# WHAT TO WORK ON
Copy the records below verbatim, from the first line through the line containing "Toyota Avensis 1.8 i", inclusive, and output nothing else.
___ RECORDS FOR THIS EXERCISE ___
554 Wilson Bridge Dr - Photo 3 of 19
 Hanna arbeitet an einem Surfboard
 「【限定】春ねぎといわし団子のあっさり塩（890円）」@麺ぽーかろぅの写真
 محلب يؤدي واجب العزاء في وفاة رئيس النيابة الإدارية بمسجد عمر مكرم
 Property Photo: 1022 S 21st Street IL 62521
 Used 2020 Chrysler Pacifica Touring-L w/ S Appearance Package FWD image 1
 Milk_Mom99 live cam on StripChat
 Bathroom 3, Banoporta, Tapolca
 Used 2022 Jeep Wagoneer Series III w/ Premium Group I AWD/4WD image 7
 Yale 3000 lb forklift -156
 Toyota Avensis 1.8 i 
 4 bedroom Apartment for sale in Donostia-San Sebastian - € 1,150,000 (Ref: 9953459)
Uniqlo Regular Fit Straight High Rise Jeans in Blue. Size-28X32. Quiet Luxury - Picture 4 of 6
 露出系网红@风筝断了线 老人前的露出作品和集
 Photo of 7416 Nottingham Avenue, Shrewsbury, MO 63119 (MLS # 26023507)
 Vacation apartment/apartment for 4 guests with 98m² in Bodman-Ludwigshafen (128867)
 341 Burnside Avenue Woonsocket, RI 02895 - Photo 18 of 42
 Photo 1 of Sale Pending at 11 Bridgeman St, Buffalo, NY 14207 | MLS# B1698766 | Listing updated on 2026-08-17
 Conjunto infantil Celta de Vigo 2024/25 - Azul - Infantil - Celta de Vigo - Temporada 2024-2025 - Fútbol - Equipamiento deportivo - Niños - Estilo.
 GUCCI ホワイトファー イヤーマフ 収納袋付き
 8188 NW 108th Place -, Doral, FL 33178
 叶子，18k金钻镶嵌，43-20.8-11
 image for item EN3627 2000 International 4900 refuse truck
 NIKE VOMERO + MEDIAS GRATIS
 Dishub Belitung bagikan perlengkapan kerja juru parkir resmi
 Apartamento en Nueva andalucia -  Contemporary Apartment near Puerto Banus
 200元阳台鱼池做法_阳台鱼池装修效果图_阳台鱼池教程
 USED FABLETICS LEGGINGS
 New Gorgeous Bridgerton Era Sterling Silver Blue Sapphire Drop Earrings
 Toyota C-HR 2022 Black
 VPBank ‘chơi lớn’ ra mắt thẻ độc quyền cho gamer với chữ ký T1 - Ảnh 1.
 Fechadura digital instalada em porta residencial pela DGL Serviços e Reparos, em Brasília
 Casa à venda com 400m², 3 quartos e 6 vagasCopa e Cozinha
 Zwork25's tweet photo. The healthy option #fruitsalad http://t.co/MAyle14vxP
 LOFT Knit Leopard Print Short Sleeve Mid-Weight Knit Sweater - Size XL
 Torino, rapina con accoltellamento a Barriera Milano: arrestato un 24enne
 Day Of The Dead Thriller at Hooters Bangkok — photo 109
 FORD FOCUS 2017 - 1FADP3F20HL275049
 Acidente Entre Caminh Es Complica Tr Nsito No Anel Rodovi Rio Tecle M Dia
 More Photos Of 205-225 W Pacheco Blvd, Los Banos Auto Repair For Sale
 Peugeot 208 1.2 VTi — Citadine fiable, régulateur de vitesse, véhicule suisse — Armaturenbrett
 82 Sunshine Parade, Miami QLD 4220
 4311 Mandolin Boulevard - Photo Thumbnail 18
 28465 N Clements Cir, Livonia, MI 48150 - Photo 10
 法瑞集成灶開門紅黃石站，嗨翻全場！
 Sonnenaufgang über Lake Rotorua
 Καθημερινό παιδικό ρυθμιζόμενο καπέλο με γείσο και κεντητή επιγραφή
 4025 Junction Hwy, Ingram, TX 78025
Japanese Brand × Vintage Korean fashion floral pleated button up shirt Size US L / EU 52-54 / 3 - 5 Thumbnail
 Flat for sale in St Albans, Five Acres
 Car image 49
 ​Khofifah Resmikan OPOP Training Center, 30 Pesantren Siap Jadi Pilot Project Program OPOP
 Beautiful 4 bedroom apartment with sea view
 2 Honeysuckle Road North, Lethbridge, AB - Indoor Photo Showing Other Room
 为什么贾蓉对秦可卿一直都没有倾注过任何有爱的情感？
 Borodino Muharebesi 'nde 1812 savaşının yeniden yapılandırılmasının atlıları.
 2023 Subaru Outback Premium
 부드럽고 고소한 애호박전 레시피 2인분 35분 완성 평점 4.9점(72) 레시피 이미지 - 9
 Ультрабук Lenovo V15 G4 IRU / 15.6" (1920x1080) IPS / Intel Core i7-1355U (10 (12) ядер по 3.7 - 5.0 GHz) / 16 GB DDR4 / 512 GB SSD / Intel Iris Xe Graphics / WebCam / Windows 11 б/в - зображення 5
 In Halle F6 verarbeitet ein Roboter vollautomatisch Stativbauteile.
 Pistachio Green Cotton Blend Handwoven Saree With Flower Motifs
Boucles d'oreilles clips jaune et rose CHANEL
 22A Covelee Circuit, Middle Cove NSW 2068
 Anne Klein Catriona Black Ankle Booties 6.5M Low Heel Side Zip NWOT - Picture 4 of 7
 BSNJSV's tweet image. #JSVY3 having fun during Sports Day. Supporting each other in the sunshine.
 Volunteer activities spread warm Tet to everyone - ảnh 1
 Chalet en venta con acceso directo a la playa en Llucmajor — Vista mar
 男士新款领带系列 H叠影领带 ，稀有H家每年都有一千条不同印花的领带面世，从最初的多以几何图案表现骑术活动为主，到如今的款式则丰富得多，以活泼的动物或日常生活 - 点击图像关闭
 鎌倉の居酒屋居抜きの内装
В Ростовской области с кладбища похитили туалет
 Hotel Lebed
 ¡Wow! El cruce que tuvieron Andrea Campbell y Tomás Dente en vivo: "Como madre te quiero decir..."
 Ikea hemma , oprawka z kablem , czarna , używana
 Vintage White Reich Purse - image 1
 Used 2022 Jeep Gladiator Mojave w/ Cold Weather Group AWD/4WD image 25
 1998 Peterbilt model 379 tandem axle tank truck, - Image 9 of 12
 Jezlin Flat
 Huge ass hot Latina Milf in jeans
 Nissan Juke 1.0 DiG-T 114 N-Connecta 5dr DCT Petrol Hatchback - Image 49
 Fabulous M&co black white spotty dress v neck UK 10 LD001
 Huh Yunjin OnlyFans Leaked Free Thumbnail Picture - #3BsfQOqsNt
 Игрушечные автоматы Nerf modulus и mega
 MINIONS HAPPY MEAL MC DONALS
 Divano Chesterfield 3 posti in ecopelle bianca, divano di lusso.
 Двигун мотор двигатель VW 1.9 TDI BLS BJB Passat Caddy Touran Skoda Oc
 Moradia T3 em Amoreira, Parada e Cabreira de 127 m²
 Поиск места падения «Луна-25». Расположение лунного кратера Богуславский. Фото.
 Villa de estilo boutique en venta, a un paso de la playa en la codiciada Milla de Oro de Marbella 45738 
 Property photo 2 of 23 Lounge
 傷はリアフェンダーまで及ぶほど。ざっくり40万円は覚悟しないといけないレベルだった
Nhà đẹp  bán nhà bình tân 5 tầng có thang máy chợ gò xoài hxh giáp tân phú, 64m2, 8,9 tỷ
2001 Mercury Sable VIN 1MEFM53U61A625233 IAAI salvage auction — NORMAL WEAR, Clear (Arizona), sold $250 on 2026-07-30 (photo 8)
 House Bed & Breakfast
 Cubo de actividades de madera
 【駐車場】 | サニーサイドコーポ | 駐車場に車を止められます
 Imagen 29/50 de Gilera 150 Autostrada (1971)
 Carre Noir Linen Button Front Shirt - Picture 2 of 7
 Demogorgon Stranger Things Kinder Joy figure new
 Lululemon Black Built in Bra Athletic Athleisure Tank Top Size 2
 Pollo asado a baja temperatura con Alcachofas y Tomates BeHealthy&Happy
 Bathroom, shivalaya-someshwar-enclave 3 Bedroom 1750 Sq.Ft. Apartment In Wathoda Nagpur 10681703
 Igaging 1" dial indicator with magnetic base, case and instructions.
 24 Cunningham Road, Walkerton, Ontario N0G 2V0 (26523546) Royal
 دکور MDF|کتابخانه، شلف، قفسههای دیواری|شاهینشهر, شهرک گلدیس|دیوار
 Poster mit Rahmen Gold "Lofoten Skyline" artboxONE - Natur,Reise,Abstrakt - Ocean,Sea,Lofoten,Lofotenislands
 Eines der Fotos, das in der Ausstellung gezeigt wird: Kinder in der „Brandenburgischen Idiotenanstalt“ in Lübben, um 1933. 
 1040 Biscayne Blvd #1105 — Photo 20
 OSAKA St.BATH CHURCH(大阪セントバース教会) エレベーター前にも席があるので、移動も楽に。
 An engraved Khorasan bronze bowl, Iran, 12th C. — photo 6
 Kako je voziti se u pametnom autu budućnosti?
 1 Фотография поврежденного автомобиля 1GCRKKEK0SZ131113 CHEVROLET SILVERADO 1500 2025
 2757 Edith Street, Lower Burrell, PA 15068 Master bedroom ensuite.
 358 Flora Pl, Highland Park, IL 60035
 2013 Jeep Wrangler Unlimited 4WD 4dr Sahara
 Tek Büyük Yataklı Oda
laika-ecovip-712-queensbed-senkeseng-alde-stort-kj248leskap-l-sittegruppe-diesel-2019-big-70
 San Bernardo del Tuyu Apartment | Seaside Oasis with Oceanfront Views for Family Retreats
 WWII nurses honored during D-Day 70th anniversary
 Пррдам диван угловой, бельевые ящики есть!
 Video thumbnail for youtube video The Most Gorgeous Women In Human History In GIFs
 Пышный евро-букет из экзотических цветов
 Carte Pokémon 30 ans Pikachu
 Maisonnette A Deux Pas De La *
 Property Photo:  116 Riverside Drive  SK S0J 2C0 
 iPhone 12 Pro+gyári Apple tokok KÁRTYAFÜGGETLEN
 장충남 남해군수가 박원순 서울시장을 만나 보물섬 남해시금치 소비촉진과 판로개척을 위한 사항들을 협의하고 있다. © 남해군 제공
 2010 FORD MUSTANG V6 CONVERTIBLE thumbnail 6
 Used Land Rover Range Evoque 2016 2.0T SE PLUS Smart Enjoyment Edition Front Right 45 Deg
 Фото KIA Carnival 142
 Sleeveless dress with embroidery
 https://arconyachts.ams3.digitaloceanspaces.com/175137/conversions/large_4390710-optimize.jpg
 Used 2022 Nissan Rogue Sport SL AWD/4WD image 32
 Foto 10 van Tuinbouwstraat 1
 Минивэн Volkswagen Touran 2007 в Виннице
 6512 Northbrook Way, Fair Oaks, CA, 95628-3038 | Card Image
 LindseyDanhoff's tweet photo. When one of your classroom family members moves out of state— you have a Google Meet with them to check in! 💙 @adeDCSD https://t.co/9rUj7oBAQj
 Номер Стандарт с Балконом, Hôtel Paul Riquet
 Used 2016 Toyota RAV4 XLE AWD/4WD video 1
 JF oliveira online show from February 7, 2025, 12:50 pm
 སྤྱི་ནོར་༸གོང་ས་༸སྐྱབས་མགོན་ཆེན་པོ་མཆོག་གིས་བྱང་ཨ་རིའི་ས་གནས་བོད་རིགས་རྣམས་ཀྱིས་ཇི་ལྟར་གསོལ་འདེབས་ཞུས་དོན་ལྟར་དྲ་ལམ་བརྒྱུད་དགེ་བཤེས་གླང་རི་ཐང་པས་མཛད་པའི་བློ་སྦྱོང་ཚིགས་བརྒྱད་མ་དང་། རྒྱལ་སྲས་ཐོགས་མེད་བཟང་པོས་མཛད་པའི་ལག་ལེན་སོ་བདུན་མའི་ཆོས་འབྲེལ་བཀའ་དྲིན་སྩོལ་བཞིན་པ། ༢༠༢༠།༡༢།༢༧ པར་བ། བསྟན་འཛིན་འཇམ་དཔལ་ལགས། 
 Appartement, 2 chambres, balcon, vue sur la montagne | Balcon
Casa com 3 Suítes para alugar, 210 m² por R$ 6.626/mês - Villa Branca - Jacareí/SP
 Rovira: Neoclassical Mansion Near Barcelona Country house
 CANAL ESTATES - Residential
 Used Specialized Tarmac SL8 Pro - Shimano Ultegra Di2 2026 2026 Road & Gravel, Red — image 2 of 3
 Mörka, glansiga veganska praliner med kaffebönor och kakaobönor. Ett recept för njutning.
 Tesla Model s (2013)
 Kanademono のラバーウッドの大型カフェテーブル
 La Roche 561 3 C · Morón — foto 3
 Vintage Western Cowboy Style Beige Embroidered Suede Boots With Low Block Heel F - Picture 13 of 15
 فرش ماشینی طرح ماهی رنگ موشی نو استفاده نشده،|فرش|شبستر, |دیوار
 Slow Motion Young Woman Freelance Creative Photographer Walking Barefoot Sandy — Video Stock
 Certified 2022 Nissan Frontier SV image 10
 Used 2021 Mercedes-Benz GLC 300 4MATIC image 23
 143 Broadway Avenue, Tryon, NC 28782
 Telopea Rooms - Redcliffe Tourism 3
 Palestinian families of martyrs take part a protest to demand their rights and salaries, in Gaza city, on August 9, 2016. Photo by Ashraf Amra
___
# SOLUTION FOR THIS PROBLEM
554 Wilson Bridge Dr - Photo 3 of 19
 Hanna arbeitet an einem Surfboard
 「【限定】春ねぎといわし団子のあっさり塩（890円）」@麺ぽーかろぅの写真
 محلب يؤدي واجب العزاء في وفاة رئيس النيابة الإدارية بمسجد عمر مكرم
 Property Photo: 1022 S 21st Street IL 62521
 Used 2020 Chrysler Pacifica Touring-L w/ S Appearance Package FWD image 1
 Milk_Mom99 live cam on StripChat
 Bathroom 3, Banoporta, Tapolca
 Used 2022 Jeep Wagoneer Series III w/ Premium Group I AWD/4WD image 7
 Yale 3000 lb forklift -156
 Toyota Avensis 1.8 i 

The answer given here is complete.